GOP have themselves to blame. They had a chance to honor their agreement that was put in place in January and if their words means nothing then this is an appropriate reaction to that.

outsider
outsider

@bobell 


Also, with the importance of the SC nominations coming up - i think Judges should be exempt too. 


If the constitution says veto or treaty, then it should just be that. Period. 



anon76
anon76

@bobcn

I don't think that its McConnell's responsibility.  Someone should ask the 7 Republicans from the Go14 why they suddenly decided to change how they treat the agreement, though- you're right about that.

mary.waterton
mary.waterton

@jmac @mary.waterton 

So it's okay when the democrats do it, but wrong when the republicans do it and frequency of abuse is the core issue here??? Give me a break. When the republicans tried to abolish the filibuster, the democrats and liberal news media hypocrites howled that "democracy was under attack" ... as if there is anything democratic about filibustering.
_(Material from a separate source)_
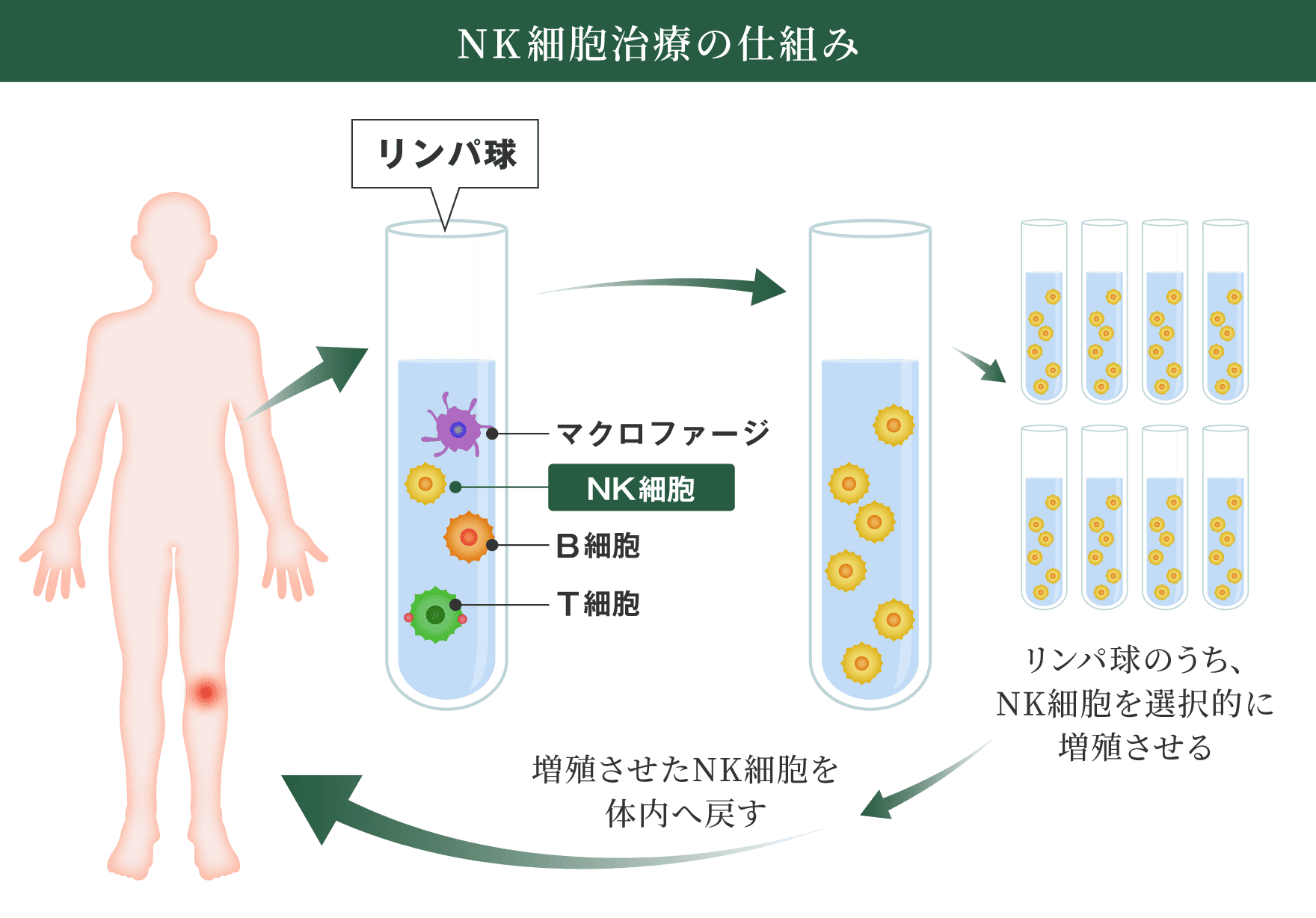 NK細胞治療の仕組み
I'm hoping and praying the democrats abolish the filibuster. The democrat appointments will hurt the country in the short-term, but it will be the best thing that ever happened to the country in the long-term.

yogi
yogi

The dream of a shining senile on the hill will never die, sacredh.

jmac
jmac

@ARTRaveler We'd never get away with it.  Time writers would be outraged and they would spew the Fox line.   We know that.  We all watched Bush lie and invade.  
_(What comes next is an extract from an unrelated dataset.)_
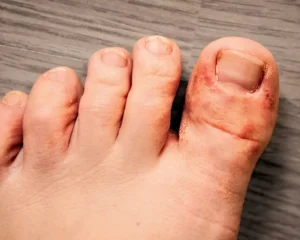 July 2025 Blog Athlete's Foot KC Foot Specialists Overland Park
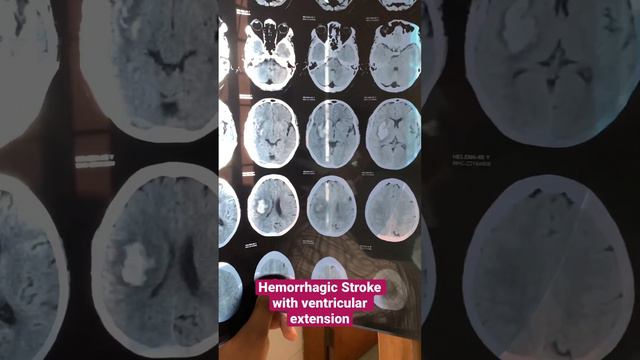 hemorrhagic stroke with ventricular extension #neuroscience #medicine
It's easy when you're a Republican and the press is scared to death of you.  

sacredh
sacredh

jmac, IF a republican wins the White House at some point in the future, they'll cry like schoolgirls if democrats don't confirm their appointments.

jmac
jmac

@TyPollard @jmac  It enrages me.  Obama was duly elected a second time and deserves to put on a staff, and cabinet members, etc.     Even judges, if you remember that when Bush honestly won a second term the Democrats did not filibuster Alito, who btw, is no Roberts; he's more in line with Thomas.    



Paul,nnto
Paul,nnto

@sacredh When they say "presidential election" are you sure they mean "of the United States"?

sacredh
sacredh

The Tea Party followers at work keep insisting that they'll win the "next" presidential election. Even when they're the ones that will prevent a GOP candidate from winning.

sacredh
sacredh

"IOKYR. It's fundamental."

IOKYR. It's fundamentalist. FIFY.

jmac
jmac

@sacredh Right!  One appointment and they'll go into spasms.   One.   Fox will go ballistic.   They do it for 60 of Clinton's appointments and apparently all is well.  Democrats are not suppose to be in power and certainly not suppose to rule.  The sad thing is, we believe it.   

AlphaJuliette
AlphaJuliette

@manlyman Watch last Sundays' Meet the Press and you'll see.  All very self explanatory.  The man is utterly disingenuous.

Paul,nnto
Paul,nnto

@jmac @TyPollard Not sure why anyone is surprised or takes seriously MS's "takes"

The man can turn a phrase and is a decent writer but he is so deep into the tired Beltway narrative that he adds nothing of value to the reader. 

From day one here (let me breakdown the candidates for President of the United Sates as high school personalities. Surprise! McCain was the popular jock) MS has shown, with a few exceptions,  a deference to the narrative and a complete disconnect to how everyone else views any given issue. 

jmac
jmac

@TyPollard @jmac It's almost like he twists himself into a pretzel to get there.  It reminds me of the Dallas editorials.  They did the same thing trying to appease the Texas mentality with reasonable opinions.  Sometimes they just can't be mixed.